Détention: La course folle à Dijon n’est «pas un acte terroriste»

L’automobiliste qui a délibérément foncé sur des passants dimanche soir à Dijon est atteint de problèmes psychiatriques lourds et anciens, a affirmé lundi 22 décembre la procureur de Dijon. «Il ne s’agit absolument pas d’un acte terroriste», a annoncé à la presse Marie-Christine Tarrare, procureur de la République.

Cet homme de 40 ans, atteint de problèmes psychiatriques lourds, a fait «157 passages en unité psychiatrique entre février 2001 et novembre 2014». Il était toujours en garde à vue lundi dans les locaux de la police judiciaire. Le parquet a ouvert une information judiciaire pour «tentative d’assassinat» et requis son placement en détention. Il n’a donc par retenu la qualification «en lien avec une entreprise terroriste».

«Pour me donner du courage j’ai crié ‘Allah Akbar’», a dit le suspect aux enquêteurs, pour tenter d’expliquer son geste. S’il a d’abord «envisagé de s’en prendre à des représentants de l’Etat français» en passant devant un commissariat, «c’est en voyant des piétons qu’il a décidé de passer à l’acte, et ce à plusieurs reprises».

«Il n’a pas été guidé par la religion mais politiquement il estimait qu’il fallait qu’il agisse sur le traitement réservé aux enfants (de Tchétchénie), il dit qu’il n’a pas fait ça de gaité de cœur», a encore dit Marie-Christine Tarrare.
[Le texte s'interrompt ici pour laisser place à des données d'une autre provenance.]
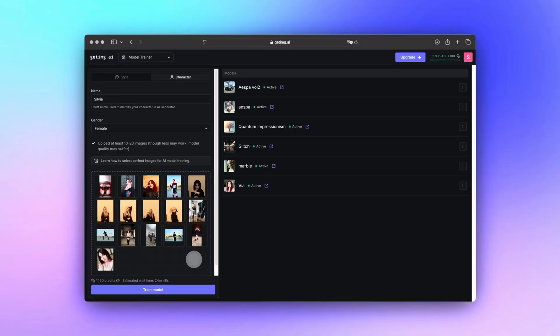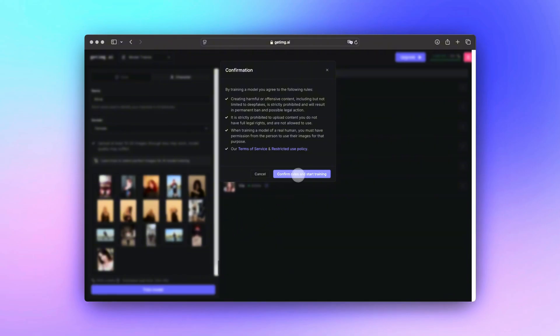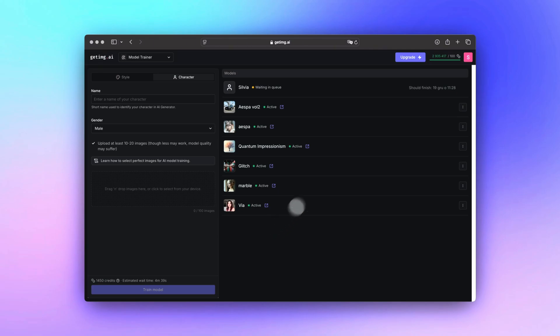Remember to only upload content you have legal rights to, and if you are training a model based on a real person, always get their permission. Once that's done, hit Train Model, agree to the terms, and sit back. Speed is a game changer here — before you even start, Model Trainer gives you an estimated training time based on the number of images you upload. And that's it — once your custom model is ready, the real fun begins.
Interpellé après sa course folle, l’homme «ne conteste pas avoir délibérément foncé sur des piétons». Mais «il n’a pas exprimé de regrets», même s’il s’est dit choqué de son propre geste.

Marine Le Pen dénonce

Le président de la République François Hollande et Manuel Valls s’étaient accordés plus tôt lundi pour demander de «ne pas céder à la panique» et de «ne pas tirer de conclusions hâtives», les motivations du conducteur n’étant «pas clairement établies», selon Bernard Cazeneuve.

En fin de journée, à Montpellier, le Premier ministre a estimé que «jamais nous n’avons connu un aussi grand danger en matière de terrorisme», appelant à «réagir» face au phénomène des jeunes qui se sentent «impliqués» par le jihad.
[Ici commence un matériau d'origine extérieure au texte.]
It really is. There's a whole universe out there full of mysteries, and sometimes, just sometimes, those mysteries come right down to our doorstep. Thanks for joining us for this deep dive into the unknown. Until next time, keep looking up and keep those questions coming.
Pour sa part, Marine Le Pen, présidente du Front national, a dénoncé «les tentatives de minimiser au maximum les faits». «Lorsqu’on est dans le déni, on peut s’attendre à ce que ceux qui nous gouvernent ne soient pas susceptibles de mettre en œuvre les conditions pour lutter contre ce phénomène», a-t-elle affirmé.

Drame à Joué-les-Tours

Ce drame a d’autant plus marqué les esprits qu’il est intervenu au lendemain d’une autre attaque, à Joué-les-Tours (Indre et Loire) où un jeune d’une vingtaine d’années, Bertrand «Bilal» Nzohabonayo, a attaqué au couteau des policiers du commissariat, blessant trois d’entre eux avant d’être tué par les forces de l’ordre.

Son frère, Brice Nzohabonayo, connu pour son engagement dans un «islamisme pur et dur», a été arrêté au Burundi d’où les deux jeunes gens sont originaires.

A Joué comme à Dijon, les deux agresseurs ont lancé, à plusieurs reprises, le même cri d’«Allah Akbar», ou «Dieu est le plus grand», faisant immédiatement penser à des actions des extrémistes musulmans.